Material supplied:

##########

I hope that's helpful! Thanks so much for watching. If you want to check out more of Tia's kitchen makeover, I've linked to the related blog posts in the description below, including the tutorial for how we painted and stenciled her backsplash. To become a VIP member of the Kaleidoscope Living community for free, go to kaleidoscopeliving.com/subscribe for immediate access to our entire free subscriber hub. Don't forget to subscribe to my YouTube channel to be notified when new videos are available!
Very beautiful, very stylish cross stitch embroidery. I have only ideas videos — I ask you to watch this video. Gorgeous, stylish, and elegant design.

##########

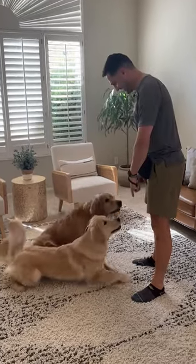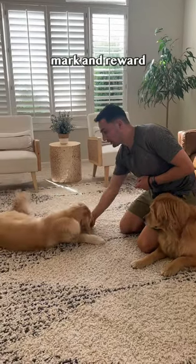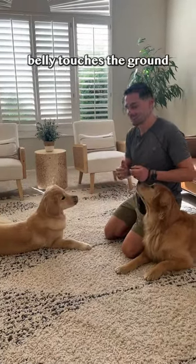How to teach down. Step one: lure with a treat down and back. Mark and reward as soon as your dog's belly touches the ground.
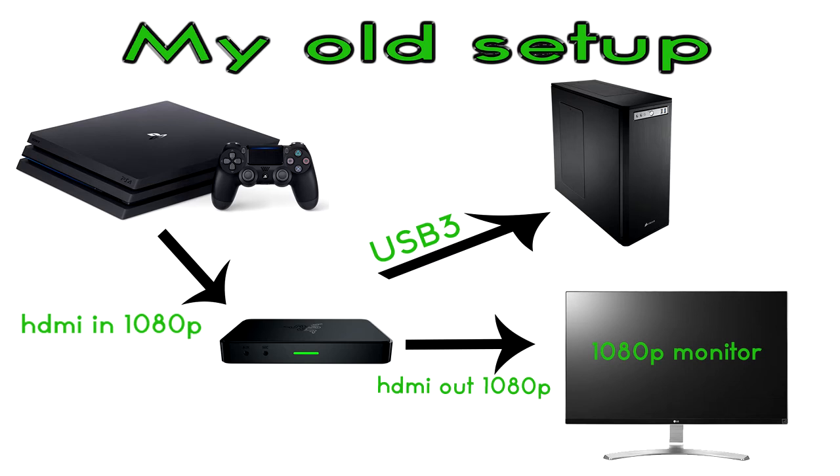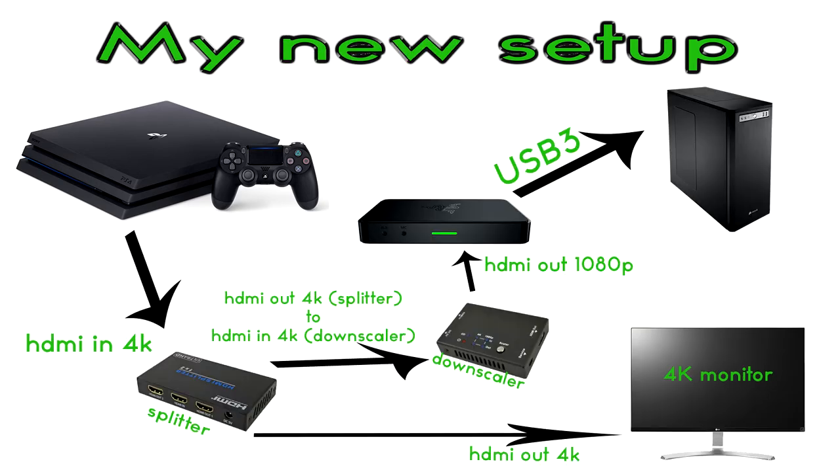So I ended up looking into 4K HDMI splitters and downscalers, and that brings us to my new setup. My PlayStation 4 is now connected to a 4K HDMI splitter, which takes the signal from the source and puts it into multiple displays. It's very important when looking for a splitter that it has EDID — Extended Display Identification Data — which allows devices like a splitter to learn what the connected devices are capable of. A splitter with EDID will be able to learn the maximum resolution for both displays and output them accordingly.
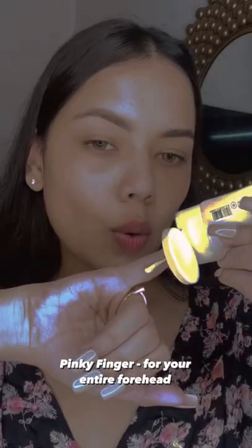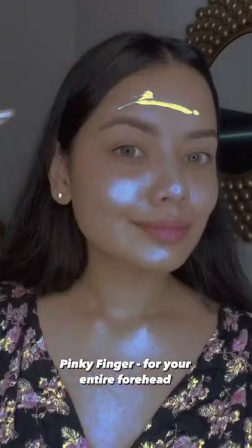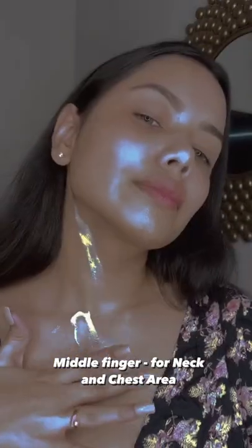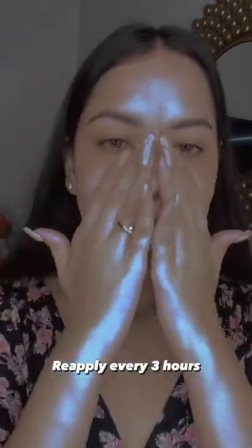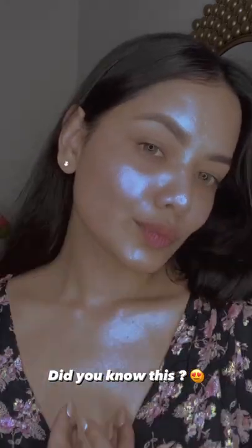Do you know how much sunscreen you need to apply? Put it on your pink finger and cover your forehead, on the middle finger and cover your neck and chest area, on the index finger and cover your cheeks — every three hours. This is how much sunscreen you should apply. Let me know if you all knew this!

##########

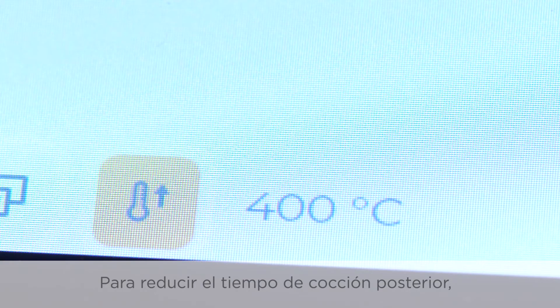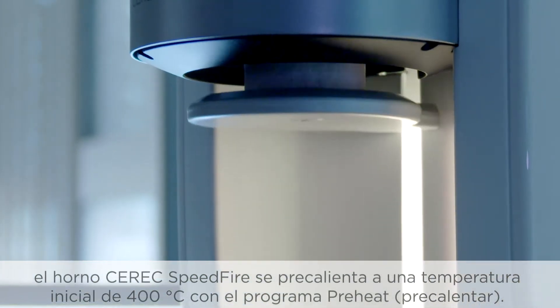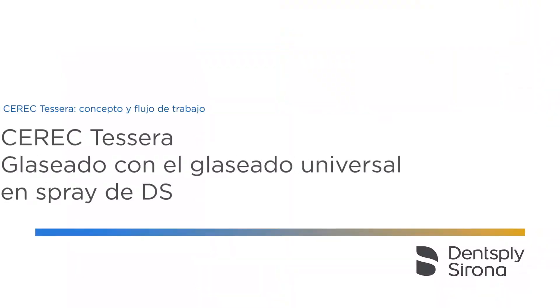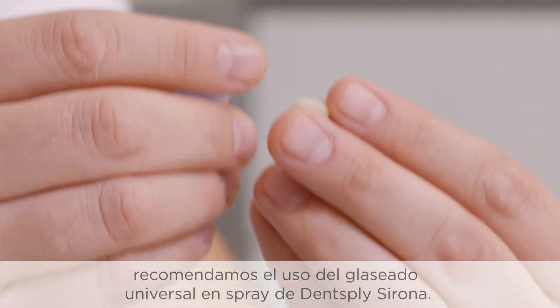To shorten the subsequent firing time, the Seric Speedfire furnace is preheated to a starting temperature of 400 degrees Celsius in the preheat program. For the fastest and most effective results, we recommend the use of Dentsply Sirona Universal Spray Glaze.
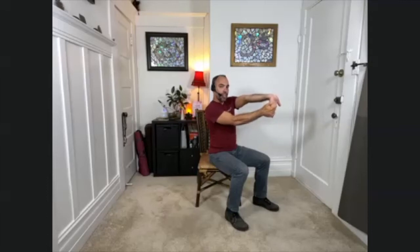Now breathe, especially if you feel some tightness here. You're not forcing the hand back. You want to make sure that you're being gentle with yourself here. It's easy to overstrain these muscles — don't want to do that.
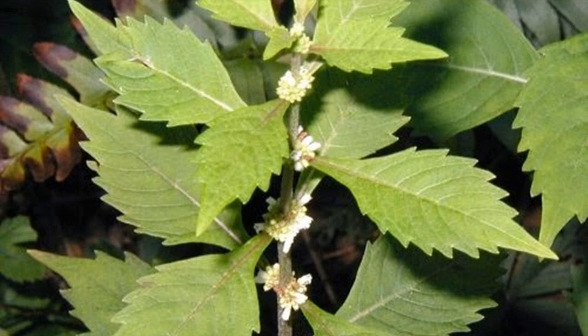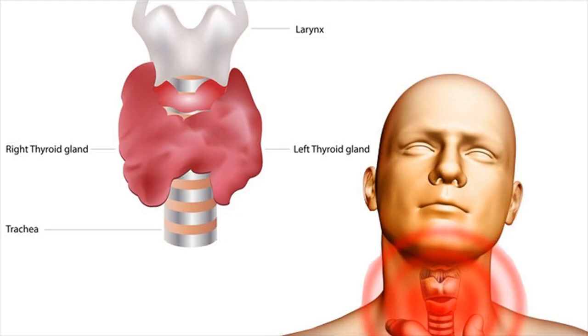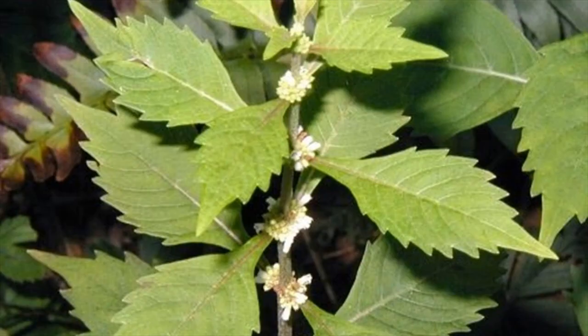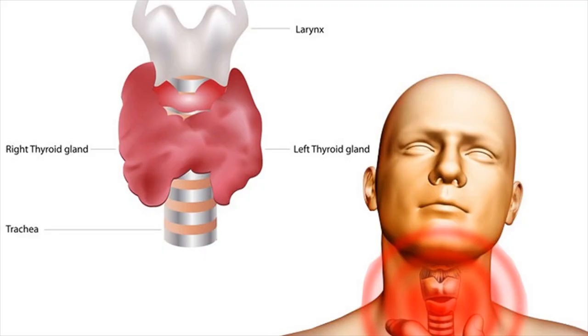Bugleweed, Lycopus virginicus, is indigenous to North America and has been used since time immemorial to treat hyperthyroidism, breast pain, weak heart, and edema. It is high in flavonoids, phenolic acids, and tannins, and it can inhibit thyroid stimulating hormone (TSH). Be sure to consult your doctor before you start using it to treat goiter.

##########

Instructions for the task:
Copy out, exactly and alone, the lines of the entries above between the ones holding "I hope that's" and "Very beautiful, very", inclusive.

Final answer:
I hope that's helpful! Thanks so much for watching. If you want to check out more of Tia's kitchen makeover, I've linked to the related blog posts in the description below, including the tutorial for how we painted and stenciled her backsplash. To become a VIP member of the Kaleidoscope Living community for free, go to kaleidoscopeliving.com/subscribe for immediate access to our entire free subscriber hub. Don't forget to subscribe to my YouTube channel to be notified when new videos are available!
Very beautiful, very stylish cross stitch embroidery. I have only ideas videos — I ask you to watch this video. Gorgeous, stylish, and elegant design.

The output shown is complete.